Dinah beams and nods. That’s the way they like them.
“Me and Beagie made them,” she says. She eyes his coatless torso. “Jog!” she orders. “We’re nearly late!”
They are not even close to late, but Dinah’s ruse works: Skint bites off half his cookie and grabs her arm and they’re off.
Hurrying, trotting, practically running—despite the ice patches and snow, Skint and Dinah move along at quite a clip. Too hot for Dinah in her extra-puffy coat but good for skinny Skint and his skinny cold bones.
Mr. Beach offered to drive them (“I have a meeting with the man who’s fixing the church roof”), but Dinah told him no. Mr. Beach’s meeting wasn’t for another hour and she wanted to go to Skint right away. Besides, they had to get a move on if they were to finish cleaning the church before the weekly AA meeting got started in there at nine. Skint would be happy if they biked but Dinah won’t, not in winter. Too many ice clumps waiting to grab your wheel and make you fall.
“It was nice to see your dad last night,” Dinah dares to say.
Skint glances at her sharply, eyes narrowed.
“What about him?” he asks.
Dumb, dumb, dumb, Dinah thinks. Can she please quit mentioning his dad?
“Nothing,” she says. “He’s nice, is all. Too many raisins in the rock cake?” she ends hastily.
Skint snorts. “No,” he says at last. “It’s good. Come on.”
Just before they reach the bridge is the Rural Routes’ house. It’s as old as Dinah’s and sits gray and still under the trees. The Rural Routes themselves are on their porch. They are people, not roads. Two people, old; unfathomably old. Skint and Dinah call them after their mailbox, which has only RURAL ROUTE 1 stenciled on it and no name, just a faded E on the front.
The woman Rural Route is thin and wears tablecloth-looking dresses, thick-soled shoes, and a knitted hat pulled over her ears. The man Rural Route’s pants are buckled high over his pelvis and skim the tops of brogans that look heavy as stones.

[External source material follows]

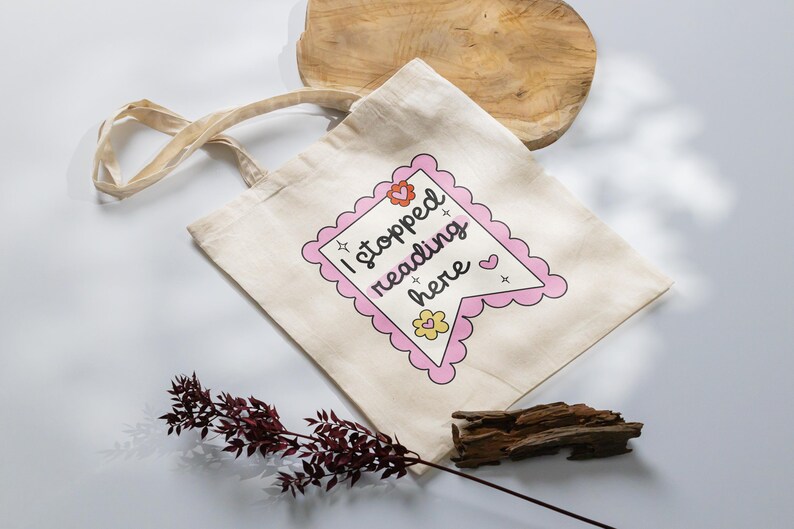 K&ouml;nnte beinhalten: Eine beige Tragetasche mit einem rosa und wei&szlig;en Banner, auf dem "Ich habe hier mit dem Lesen aufgeh&ouml;rt" steht, mit Herzen und Sternen.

After school, every day, even when it’s snowing, they are on their porch when Dinah and Skint go by. The woman sits and the man stands, though the porch holds a second chair. What a lot of work for such an old skeleton, Dinah thinks. Does the man stand up at the time of their coming, or is he all the time standing? Do the Rural Routes have a name for her and Skint, too?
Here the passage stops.